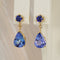 Boucles d'oreilles Boucles d'oreilles en or jaune 14 ct, tanzanites et saphirs bleus 58 Facettes E028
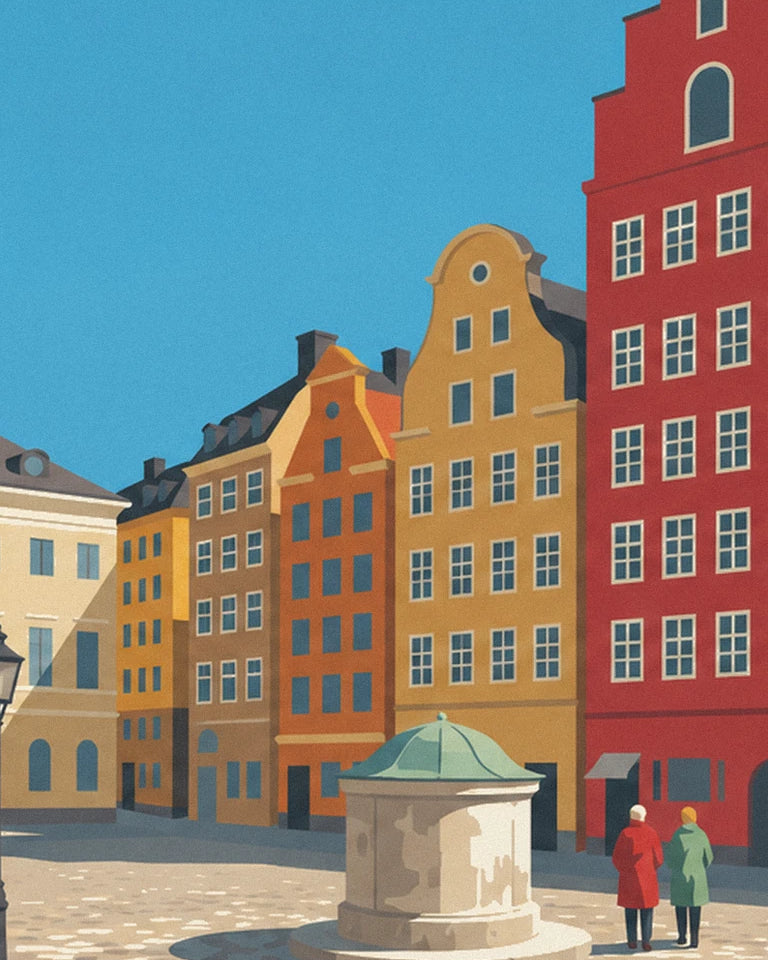 Colorful Stortorget facades in Stockholm’s Gamla stan poster: close-up detail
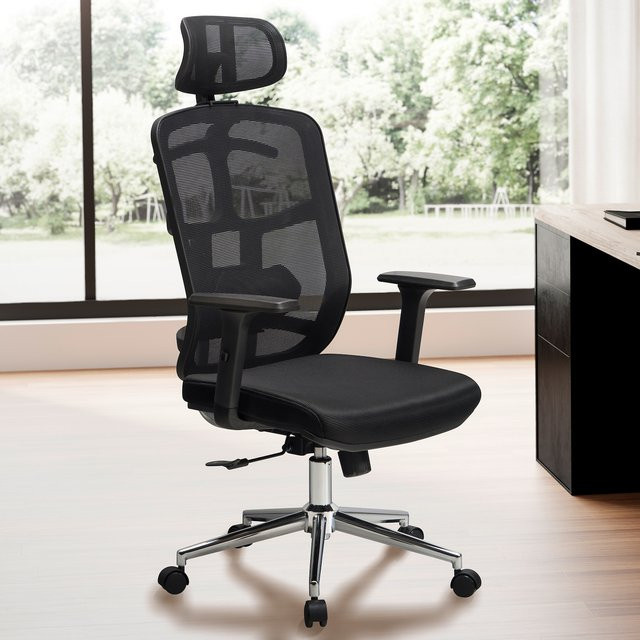 Ergonomischer Bürostuhl FineBuy in Schwarz mit Mesh-Rückenlehne, Drehstuhl mit Armlehnen und Rollen, Belastbarkeit bis 120 kg - Bild 1
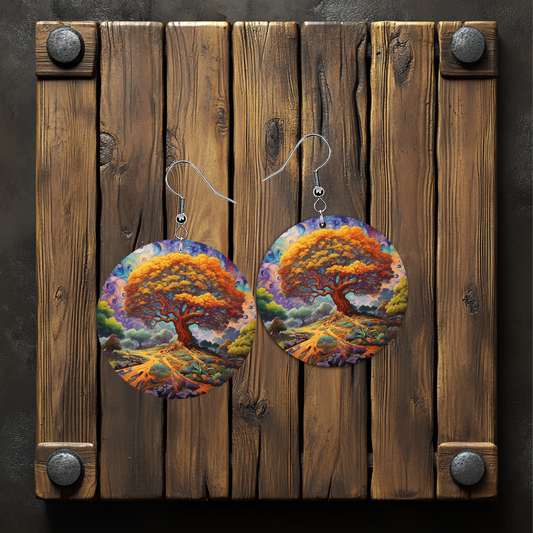 Psychedelic Tree Earrings – Lightweight Hypoallergenic Earrings
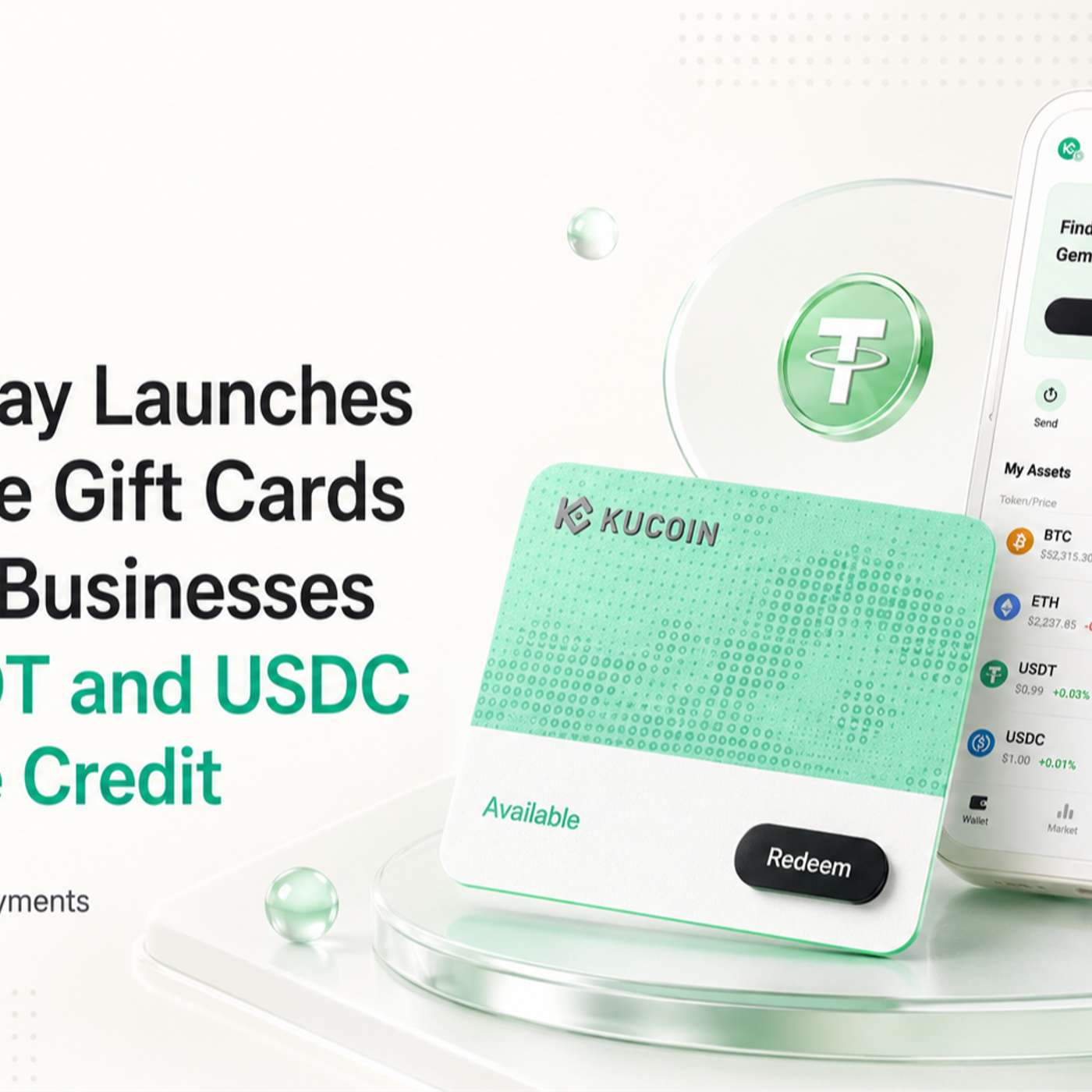KuCoin Pay Launches Enterprise Gift Cards That Let Businesses Send USDT and USDC Like Store Credit
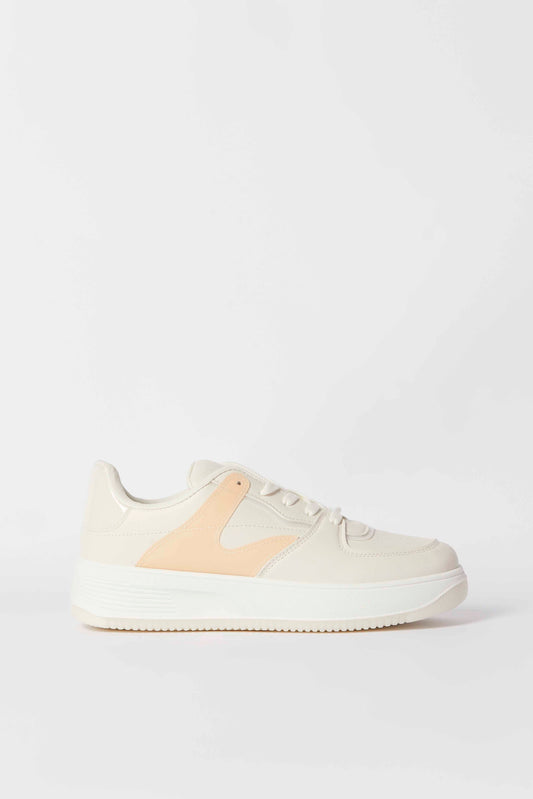 Redtag-Beige-Sneaker-With-Pink-Vinyl-Overlay-Sneaker-Category:Trainers,-Colour:Beige,-Deals:New-In,-Filter:Women's-Footwear,-N/A,-New-In-Women-FOO,-Non-Sale,-S23A,-Section:Women,-Women-Trainers-Women's-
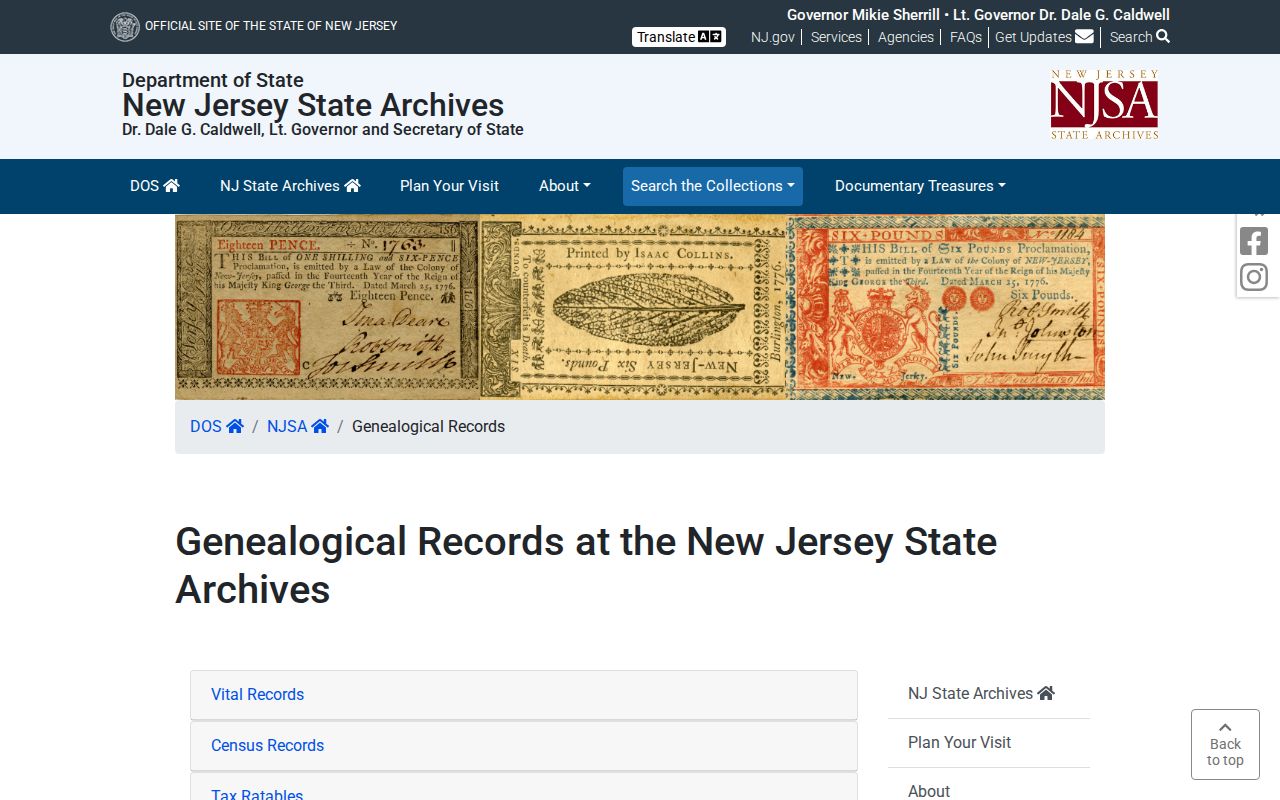 Barnegat previous residents New Jersey State Archives genealogy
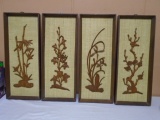 4pc Set of Vintage Wooden Asian Wall Art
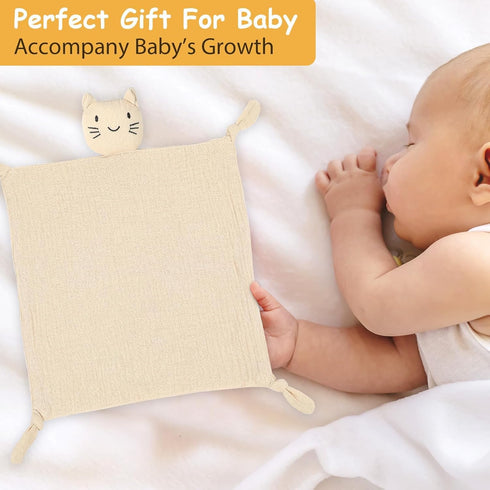 Cat Loveys for Baby Muslin Baby Security Blankets for Babies Soft Breathable Cotton Cat Baby Snuggle Animals for Newborn for Boys and Girls Neutra...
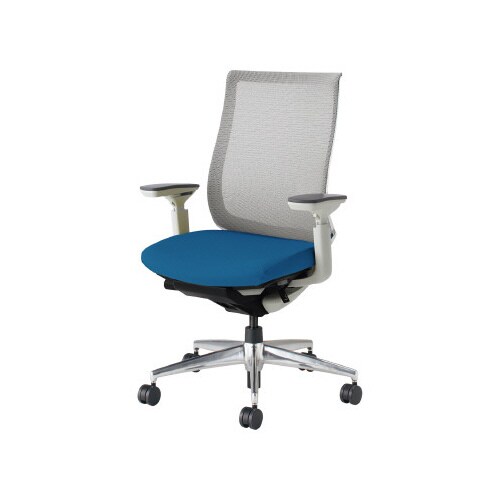 ベゼル 可動肘A脚本体白 背座別色青 軟床用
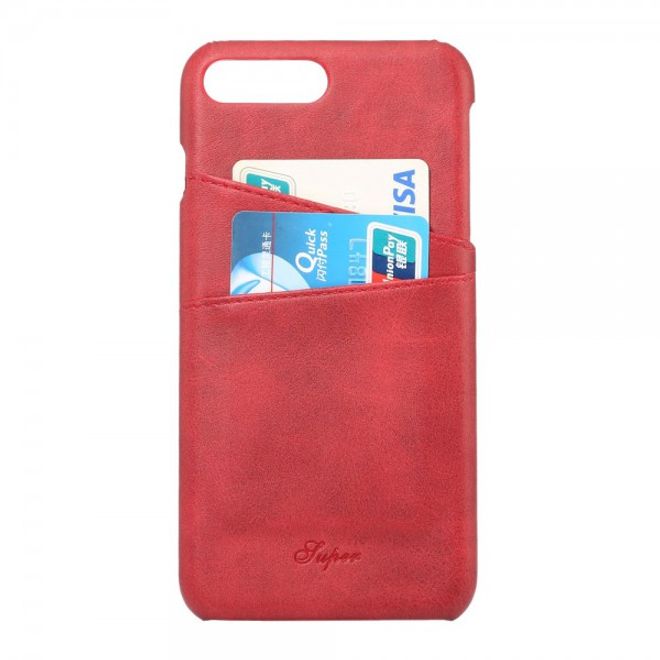 iPhone 8 Plus / 7 Plus Hard Plastic Case with Leather-like Surface and Credit Card Slots - Red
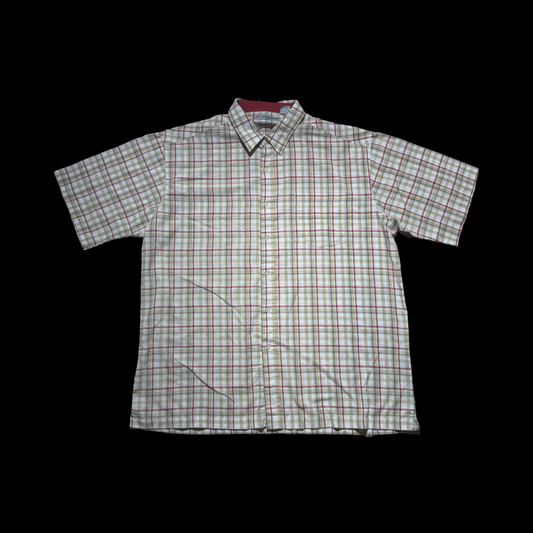 (XXL) Y2K Anchor Blue Plaid Shirt - Tan/Red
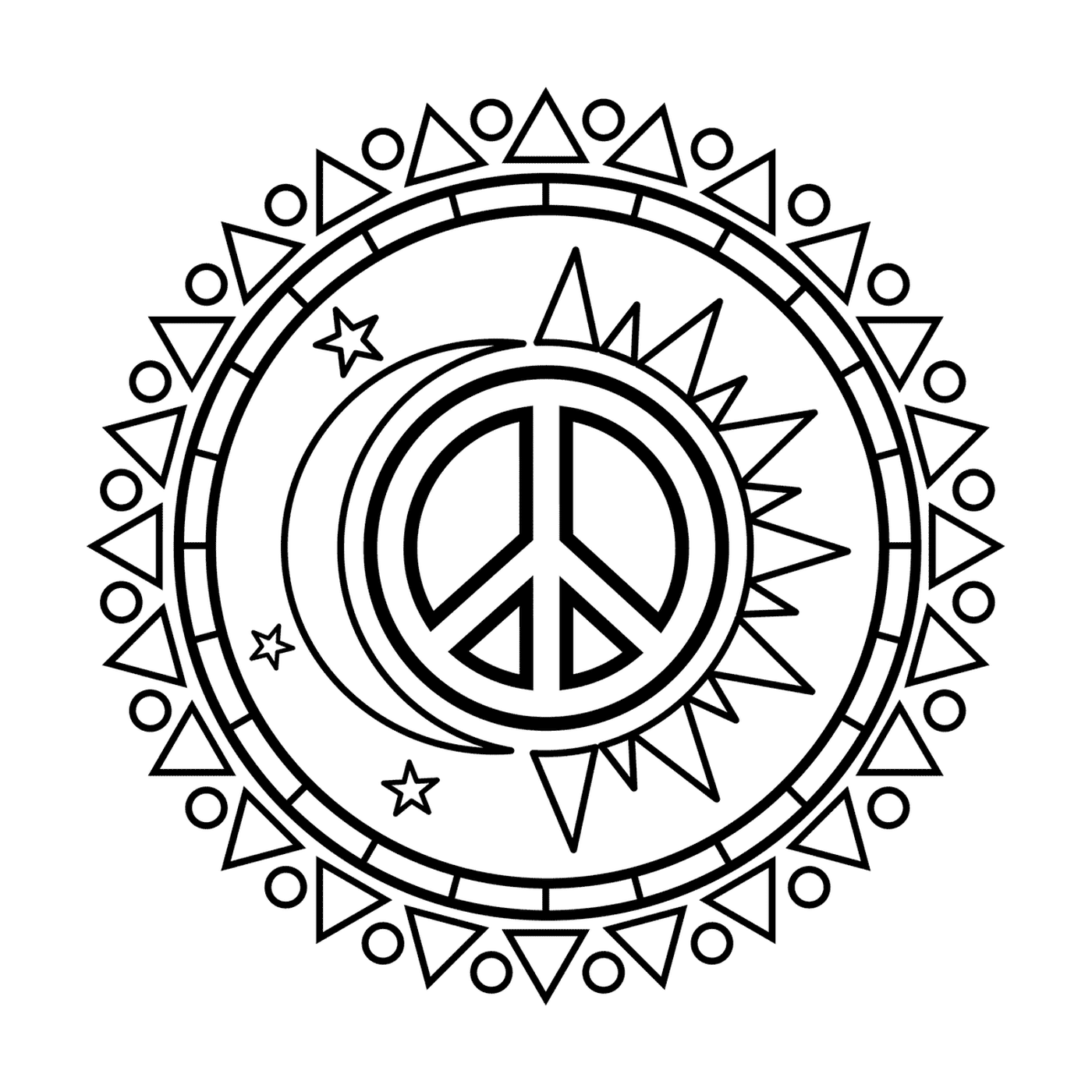  Sonne und Mond mit Symbol des Friedens 
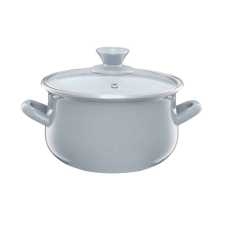 Emalia Olkusz zománcozott fazék fedővel 18 cm/2.9 l szürke edény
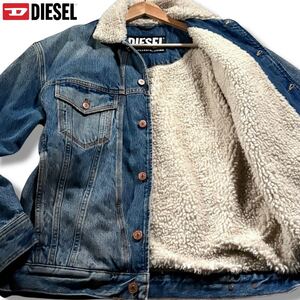 極美品/Lサイズ相当●現行タグ DIESEL ディーゼル 裏地ボア で デニムジャケット ジージャン インディゴ ボタンロゴ刻印 洗濯可能◎ M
======
ACTION ITEM —
Retype every entry above exactly, leaving out the pictures.

SOLUTION —
 Boucles d'oreilles Boucles d'oreilles en or jaune 14 ct, tanzanites et saphirs bleus 58 Facettes E028
 Colorful Stortorget facades in Stockholm’s Gamla stan poster: close-up detail
 Ergonomischer Bürostuhl FineBuy in Schwarz mit Mesh-Rückenlehne, Drehstuhl mit Armlehnen und Rollen, Belastbarkeit bis 120 kg - Bild 1
 Psychedelic Tree Earrings – Lightweight Hypoallergenic Earrings
KuCoin Pay Launches Enterprise Gift Cards That Let Businesses Send USDT and USDC Like Store Credit
 Redtag-Beige-Sneaker-With-Pink-Vinyl-Overlay-Sneaker-Category:Trainers,-Colour:Beige,-Deals:New-In,-Filter:Women's-Footwear,-N/A,-New-In-Women-FOO,-Non-Sale,-S23A,-Section:Women,-Women-Trainers-Women's-
 Barnegat previous residents New Jersey State Archives genealogy
 4pc Set of Vintage Wooden Asian Wall Art
 Cat Loveys for Baby Muslin Baby Security Blankets for Babies Soft Breathable Cotton Cat Baby Snuggle Animals for Newborn for Boys and Girls Neutra...
 ベゼル 可動肘A脚本体白 背座別色青 軟床用
 iPhone 8 Plus / 7 Plus Hard Plastic Case with Leather-like Surface and Credit Card Slots - Red
 (XXL) Y2K Anchor Blue Plaid Shirt - Tan/Red
  Sonne und Mond mit Symbol des Friedens 
 Emalia Olkusz zománcozott fazék fedővel 18 cm/2.9 l szürke edény
 極美品/Lサイズ相当●現行タグ DIESEL ディーゼル 裏地ボア で デニムジャケット ジージャン インディゴ ボタンロゴ刻印 洗濯可能◎ M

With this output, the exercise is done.